Go Back  PPRuNe Forums > Aircrew Forums > Rotorheads
Reload this Page >

Robinson crash in FL

Rotorheads A haven for helicopter professionals to discuss the things that affect them

Robinson crash in FL

Old 10th Jan 2022, 06:44
  #61 (permalink)  
 
Join Date: Mar 2021
Location: At the beach
Posts: 14
Originally Posted by gulliBell View Post
Yep. If I might dare to speculate. If the pilot did what the RFM required, and maintained orientation during night flight by visual reference to ground objects, presumably he would have arrived safely at destination and we wouldn't be having this discussion. It matters not whether an AH was fitted, he had to be able to see sufficient lights on ground, or have enough celestial illumination to see the ground, to get a proper sense of his orientation. Because without orientation you invariably end up flying into the ground, whether that be day or night.
Completely agree with this. I've flown over some areas that were so poorly illuminated that it all just looks like an endless sea of black. It's not possible to determine orientation using ground references when that happens.
metalboi69 is offline  
Old 10th Jan 2022, 07:20
  #62 (permalink)  
 
Join Date: Apr 2000
Location: EGDC
Posts: 9,264
Completely agree with this. I've flown over some areas that were so poorly illuminated that it all just looks like an endless sea of black. It's not possible to determine orientation using ground references when that happens.
Absolutely right and even with some lights on the ground it can be impossible to maintain orientation - a single point light source is an awful visual reference and can induce disorientation because of the way the human eye scans.

Try googling autokinesis.

Non NVG night flight is a visual/instrument balance in anything but bright, full moonlight or over a built up area.
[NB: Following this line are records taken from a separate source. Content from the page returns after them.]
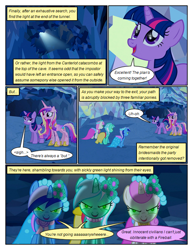 Size: 612x792 | Tagged: safe, artist:newbiespud, derpibooru import, edit, edited screencap, screencap, lyra heartstrings, minuette, princess cadance, twilight sparkle, twinkleshine, unicorn twilight, alicorn, pony, unicorn, comic:friendship is dragons, a canterlot wedding, cave, comic, female, floral head wreath, flower, glowing eyes, looking up, mare, mind control, open mouth, screencap comic, smiling, starry eyes, wingding eyes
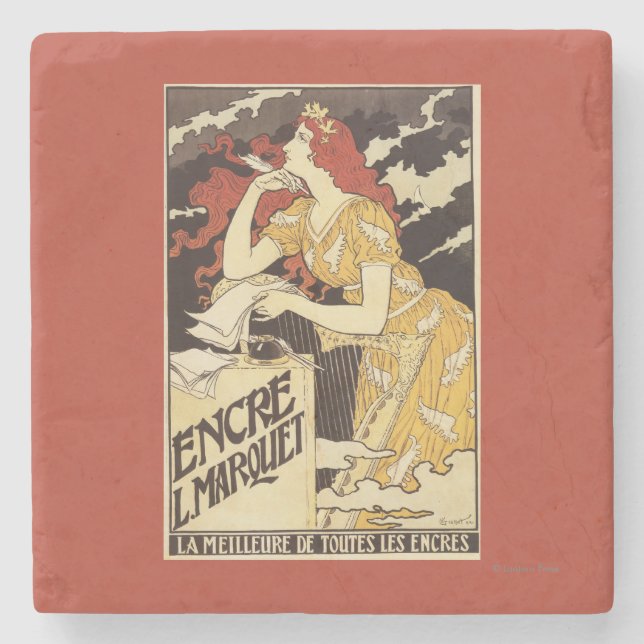 Rothaarige Frau u. Harfe L. Marquet Ink Steinuntersetzer (Vorderseite)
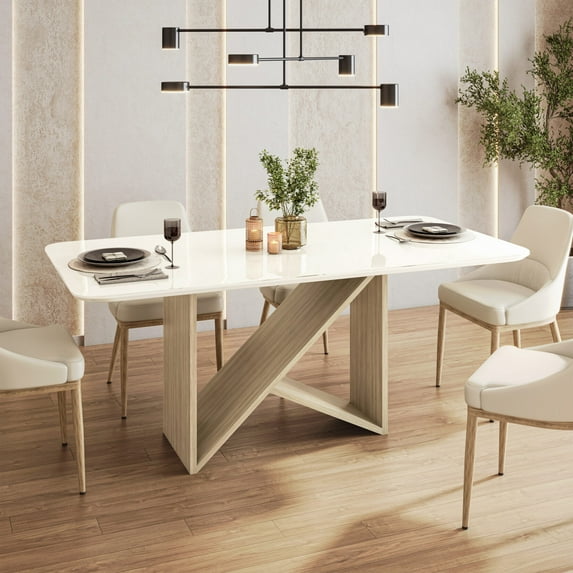 Glass Dining Table for 6, Italian-Style 6-Seater Dining Table with Tempered Glass Top and Elegant Wood Base, Modern and Sophisticated Design for Dining Rooms, Warm Beige and Light Oak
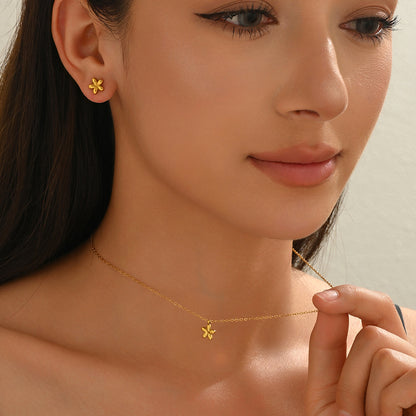 18K Gold Petal Necklace & Earring Set – Hypoallergenic Flower Jewelry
Last edited by [email protected]; 10th Jan 2022 at 09:08.
crab@SAAvn.co.uk is offline  
Old 10th Jan 2022, 14:38
  #63 (permalink)  
 
Join Date: Sep 2018
Location: California
Posts: 552
Originally Posted by metalboi69 View Post
Completely agree with this. I've flown over some areas that were so poorly illuminated that it all just looks like an endless sea of black. It's not possible to determine orientation using ground references when that happens.
Well that's just it though. It doesn't say you just need lights on the ground. Its says you have to have reference to "ground objects" illuminated soley by lights, or "adequate" celestial illumination.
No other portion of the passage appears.